The final consumption relationship is shown in the following figure: assuming that topic A has four partitions and consumer group 2 has only two consumers, the two consumer groups will share the entire load equally and each consume messages from two partitions.

What should I do if I want to speed up the processing of messages? It is also very simple to add new consumers to consumer group 2, and Kafka will re-do load balancing in terms of Partition. When increased to four consumers, each consumer only needs to process 1 Partition, which will double the processing speed.

At this point, both problems of scalable storage and parallel processing of messages have been solved. However, in the design of high concurrency architecture, there is a very important problem: high availability design.

In a Kafka cluster, each machine stores some Partition, and once a machine goes down, isn't the data lost?

At this point, you must think of persistent storage of messages, but persistence can only solve part of the problem, it can only ensure that historical data is not lost after the machine is rebooted. However, this part of the data will not be accessible until the machine is restored. This is intolerable for highly concurrent systems.

Therefore, Kafka must have the ability to fail over, and the service can still be available when a machine goes down.

If you analyze any highly reliable distributed system, such as ElasticSearch and Redis Cluster, they all have a set of multi-copy redundancy mechanisms.

Yes, Kafka solves the high availability problem through Partition's multi-copy mechanism. In a Kafka cluster, each Partition has multiple copies, and different replicas of the same partition hold the same message.
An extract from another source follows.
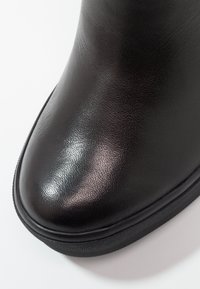 Pointe de botte en cuir noir avec une surface lisse, légèrement texturée, et une semelle noire épaisse sur fond blanc.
The relationship between replicas is "one master and many slaves", in which leader replicas are responsible for read and write requests, and follower replicas are only responsible for synchronizing messages with leader replicas. When leader replicas fail, they have a chance to be elected as new leader replicas and provide services, otherwise they will always be on standby.
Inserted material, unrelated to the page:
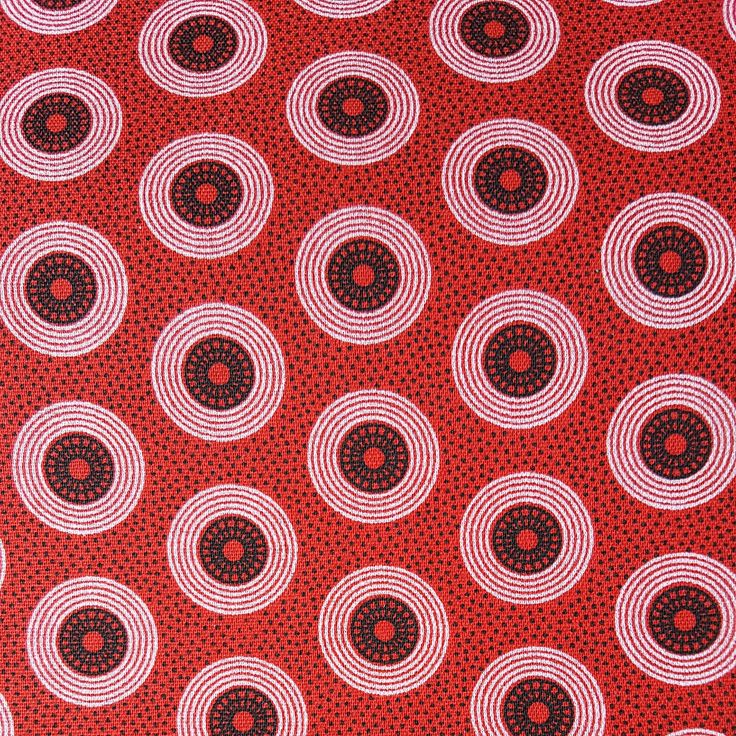 a red tie with black and white circles on it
Now, I assume that there are four servers in the Kafka cluster, topic An and topic B each have two Partition, and each Partition has two copies, then the final multi-copy architecture will be shown in the following figure:

Obviously, the downtime of any machine in this cluster will not affect the availability of Kafka, and the data is still complete.
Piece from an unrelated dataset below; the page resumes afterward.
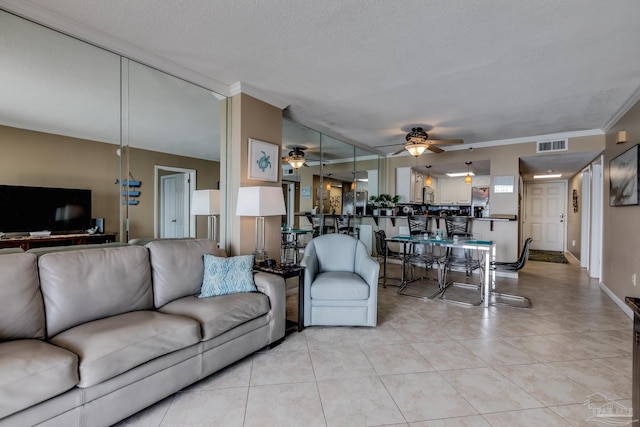 13817 Perdido Key Dr Unit 703, Pensacola, FL 32507 - tiled living room with ceiling fan, ornamental molding, and a textured ceiling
After understanding the above, let's take a look at the overall architecture of Kafka in turn:

1. Producer: the producer is responsible for creating the message and then delivering it to the Kafka cluster. When delivering the message, you need to specify the Topic to which the message belongs and determine which Partition to send.

2. Consumer: consumers will decide which Partition to pull messages from according to the Topic they subscribe to and the consumer group they belong to.

3. Broker: message server, which can be extended horizontally, responsible for partition management, message persistence, automatic fault transfer, etc.

4. Zookeeper: responsible for the metadata management and other functions of the cluster, such as which broker nodes and Topic are in the cluster, what Partition is each Topic, and so on.

Obviously, in the overall architecture of Kafka, Partition is the link between sending messages, storing messages, and consuming messages. After eating through it, and then to understand the overall structure, the context will be clearer.

Taking Partition as a starting point, this paper analyzes the overall structure of Kafka from a macro point of view, and then briefly summarizes:

1. Kafka degenerates itself into a massive message storage system through ingenious model design.

2. In order to solve the problem of storage scalability, Kafka splits the data horizontally and leads to Partition (partition), which is not only the basic unit of Kafka deployment, but also the minimum granularity of Kafka concurrent processing.

3. For a highly concurrent system, it is also necessary to achieve high availability. Kafka fails over through the multi-copy redundancy mechanism of Partition to ensure high reliability.

After reading the above, do you have any further understanding of what is the second pulse of the governor of Kafka architecture design? If you want to know more knowledge or related content, please follow the industry information channel, thank you for your support.